» Task requirements
From the first line of the data below through the line holding "Help uz pik", write out each line exactly as it stands.

» Data shown
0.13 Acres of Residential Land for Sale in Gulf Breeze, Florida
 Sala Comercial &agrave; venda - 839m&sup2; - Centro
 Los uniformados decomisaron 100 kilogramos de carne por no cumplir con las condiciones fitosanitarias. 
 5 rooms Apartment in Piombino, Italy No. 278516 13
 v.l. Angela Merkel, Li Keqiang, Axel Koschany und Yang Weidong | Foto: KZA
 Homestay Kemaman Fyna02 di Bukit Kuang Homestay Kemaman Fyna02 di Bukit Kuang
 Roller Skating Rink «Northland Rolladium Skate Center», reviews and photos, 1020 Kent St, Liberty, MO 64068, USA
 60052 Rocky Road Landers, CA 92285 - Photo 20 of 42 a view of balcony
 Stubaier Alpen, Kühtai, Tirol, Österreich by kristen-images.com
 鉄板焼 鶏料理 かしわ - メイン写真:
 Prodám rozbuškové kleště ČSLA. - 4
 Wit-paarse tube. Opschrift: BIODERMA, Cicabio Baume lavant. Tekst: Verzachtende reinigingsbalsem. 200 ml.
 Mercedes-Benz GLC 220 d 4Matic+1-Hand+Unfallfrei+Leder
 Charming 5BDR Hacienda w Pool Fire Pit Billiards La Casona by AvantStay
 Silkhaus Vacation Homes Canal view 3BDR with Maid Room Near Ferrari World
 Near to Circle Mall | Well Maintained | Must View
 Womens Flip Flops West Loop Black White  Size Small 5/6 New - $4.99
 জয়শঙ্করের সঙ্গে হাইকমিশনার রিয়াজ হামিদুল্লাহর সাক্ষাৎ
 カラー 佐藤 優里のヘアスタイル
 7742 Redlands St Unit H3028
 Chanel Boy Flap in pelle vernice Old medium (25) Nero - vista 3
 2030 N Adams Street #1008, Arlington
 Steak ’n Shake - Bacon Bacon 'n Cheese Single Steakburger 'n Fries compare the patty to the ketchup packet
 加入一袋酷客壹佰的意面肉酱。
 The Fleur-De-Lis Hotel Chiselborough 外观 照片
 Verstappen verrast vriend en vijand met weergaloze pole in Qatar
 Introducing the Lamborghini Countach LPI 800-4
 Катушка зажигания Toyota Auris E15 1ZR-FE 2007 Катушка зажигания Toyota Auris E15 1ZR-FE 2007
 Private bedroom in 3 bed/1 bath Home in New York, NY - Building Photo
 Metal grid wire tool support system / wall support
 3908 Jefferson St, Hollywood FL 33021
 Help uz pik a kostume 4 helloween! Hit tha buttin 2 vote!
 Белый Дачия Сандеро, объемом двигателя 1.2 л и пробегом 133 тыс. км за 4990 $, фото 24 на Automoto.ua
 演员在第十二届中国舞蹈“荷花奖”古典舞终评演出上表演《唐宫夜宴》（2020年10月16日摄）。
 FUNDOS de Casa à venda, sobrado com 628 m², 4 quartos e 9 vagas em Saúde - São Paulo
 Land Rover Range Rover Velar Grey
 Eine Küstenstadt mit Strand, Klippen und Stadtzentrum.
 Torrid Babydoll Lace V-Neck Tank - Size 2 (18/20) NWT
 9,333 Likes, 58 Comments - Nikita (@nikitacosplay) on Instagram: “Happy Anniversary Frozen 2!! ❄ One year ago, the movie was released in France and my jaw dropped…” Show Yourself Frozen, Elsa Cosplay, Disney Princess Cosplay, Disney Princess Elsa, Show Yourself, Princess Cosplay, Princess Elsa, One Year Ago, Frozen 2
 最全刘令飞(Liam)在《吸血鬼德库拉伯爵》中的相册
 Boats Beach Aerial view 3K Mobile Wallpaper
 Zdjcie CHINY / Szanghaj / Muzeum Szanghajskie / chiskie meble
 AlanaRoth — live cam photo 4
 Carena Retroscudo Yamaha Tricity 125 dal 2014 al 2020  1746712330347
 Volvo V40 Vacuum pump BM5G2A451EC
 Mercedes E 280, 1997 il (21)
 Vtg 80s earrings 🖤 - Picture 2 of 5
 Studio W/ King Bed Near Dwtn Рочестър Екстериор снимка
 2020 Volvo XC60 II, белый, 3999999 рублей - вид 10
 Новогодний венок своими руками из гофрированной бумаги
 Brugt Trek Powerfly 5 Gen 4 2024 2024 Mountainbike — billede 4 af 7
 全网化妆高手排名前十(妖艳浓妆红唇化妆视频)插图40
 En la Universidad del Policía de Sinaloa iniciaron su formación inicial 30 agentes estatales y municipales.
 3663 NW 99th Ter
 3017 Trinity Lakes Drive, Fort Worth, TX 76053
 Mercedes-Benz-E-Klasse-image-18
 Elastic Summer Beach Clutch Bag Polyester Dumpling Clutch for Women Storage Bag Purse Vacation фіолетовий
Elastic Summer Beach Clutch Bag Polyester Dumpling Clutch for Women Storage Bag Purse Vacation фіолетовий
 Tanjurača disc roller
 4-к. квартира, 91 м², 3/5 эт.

» Completed task
0.13 Acres of Residential Land for Sale in Gulf Breeze, Florida
 Sala Comercial &agrave; venda - 839m&sup2; - Centro
 Los uniformados decomisaron 100 kilogramos de carne por no cumplir con las condiciones fitosanitarias. 
 5 rooms Apartment in Piombino, Italy No. 278516 13
 v.l. Angela Merkel, Li Keqiang, Axel Koschany und Yang Weidong | Foto: KZA
 Homestay Kemaman Fyna02 di Bukit Kuang Homestay Kemaman Fyna02 di Bukit Kuang
 Roller Skating Rink «Northland Rolladium Skate Center», reviews and photos, 1020 Kent St, Liberty, MO 64068, USA
 60052 Rocky Road Landers, CA 92285 - Photo 20 of 42 a view of balcony
 Stubaier Alpen, Kühtai, Tirol, Österreich by kristen-images.com
 鉄板焼 鶏料理 かしわ - メイン写真:
 Prodám rozbuškové kleště ČSLA. - 4
 Wit-paarse tube. Opschrift: BIODERMA, Cicabio Baume lavant. Tekst: Verzachtende reinigingsbalsem. 200 ml.
 Mercedes-Benz GLC 220 d 4Matic+1-Hand+Unfallfrei+Leder
 Charming 5BDR Hacienda w Pool Fire Pit Billiards La Casona by AvantStay
 Silkhaus Vacation Homes Canal view 3BDR with Maid Room Near Ferrari World
 Near to Circle Mall | Well Maintained | Must View
 Womens Flip Flops West Loop Black White  Size Small 5/6 New - $4.99
 জয়শঙ্করের সঙ্গে হাইকমিশনার রিয়াজ হামিদুল্লাহর সাক্ষাৎ
 カラー 佐藤 優里のヘアスタイル
 7742 Redlands St Unit H3028
 Chanel Boy Flap in pelle vernice Old medium (25) Nero - vista 3
 2030 N Adams Street #1008, Arlington
 Steak ’n Shake - Bacon Bacon 'n Cheese Single Steakburger 'n Fries compare the patty to the ketchup packet
 加入一袋酷客壹佰的意面肉酱。
 The Fleur-De-Lis Hotel Chiselborough 外观 照片
 Verstappen verrast vriend en vijand met weergaloze pole in Qatar
 Introducing the Lamborghini Countach LPI 800-4
 Катушка зажигания Toyota Auris E15 1ZR-FE 2007 Катушка зажигания Toyota Auris E15 1ZR-FE 2007
 Private bedroom in 3 bed/1 bath Home in New York, NY - Building Photo
 Metal grid wire tool support system / wall support
 3908 Jefferson St, Hollywood FL 33021
 Help uz pik a kostume 4 helloween! Hit tha buttin 2 vote!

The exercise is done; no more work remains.